Now, all points are in one cluster.

This example shows how complete linkage clustering merges clusters based on the maximum distance between any two points in the clusters. The result can be visualized as a dendrogram in R

# Define the points
points <- data.frame(
  x = c(1, 2, 4, 5, 7, 8),
  y = c(1, 2, 4, 5, 7, 8)
)

# Perform complete linkage clustering
d <- dist(points)
hc <- hclust(d, method = "complete")

# Plot the dendrogram
plot(hc, main = "Complete Linkage Clustering Dendrogram", xlab = "Points", 
     ylab = "Distance")

# Add labels to the points
text(points$x, points$y, labels = LETTERS[1:6], pos = 1)

Output:

Visualizing Hierarchical Data with Dendrograms

Here, we use a real dataset "mtcars" which already available in R. Which contains fuel consumption and 10 aspects of automobile design and performance for 32 automobiles.

# Load the mtcars dataset
data("mtcars")

# Scale the data
scaled_data <- scale(mtcars)

# Compute hierarchical clustering
hc <- hclust(dist(scaled_data))

# Plot dendrogram
plot(hc, main = "Dendrogram of mtcars")

Output:

Visualizing Hierarchical Data with Dendrograms

We load the "mtcars" dataset using the data() function. This dataset contains information on various attributes of different car models.
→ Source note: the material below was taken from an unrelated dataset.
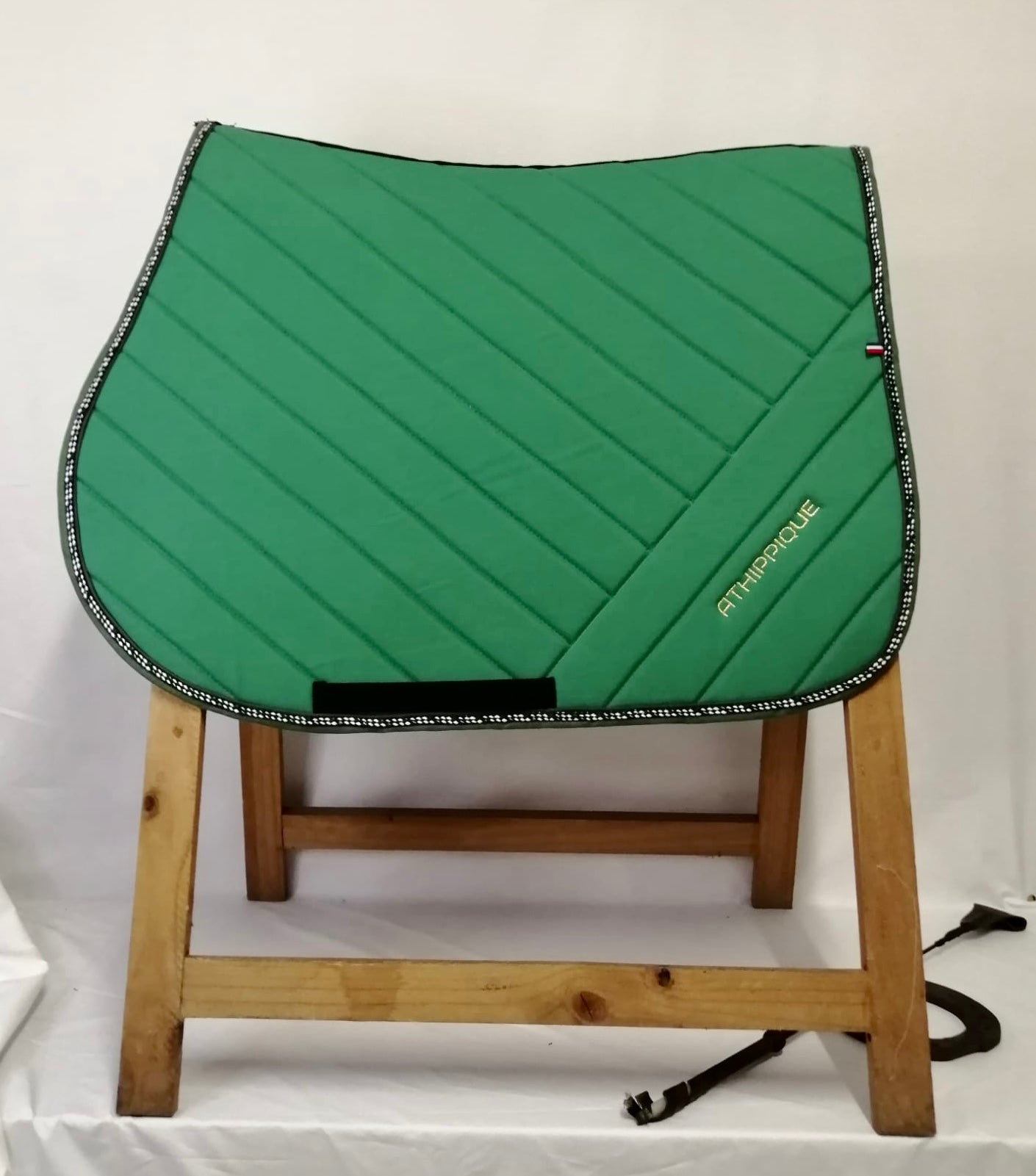 Kelly Green CSO Saddle Pad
The dataset is then scaled using the scale() function. Scaling the data standardizes each variable by subtracting its mean and dividing by its standard deviation. This step is essential for hierarchical clustering as it ensures that all variables are on the same scale.
Hierarchical clustering is performed using the hclust() function. We compute the Euclidean distance between the rows of the scaled dataset and then perform hierarchical clustering on the resulting distance matrix.
Finally, we plot the dendrogram using the plot() function. The hierarchical clustering result (hc) is passed as input, and the resulting dendrogram is displayed with the title "Dendrogram of mtcars".

Dendrograms can be customized in various ways to improve readability and visual appeal

We can Customize the dendrograms using "ggraph", it helps to adjust various aspects such as node size, edge width, node labels, and colors.

install.packages("ggraph")
library(ggraph)
library(igraph)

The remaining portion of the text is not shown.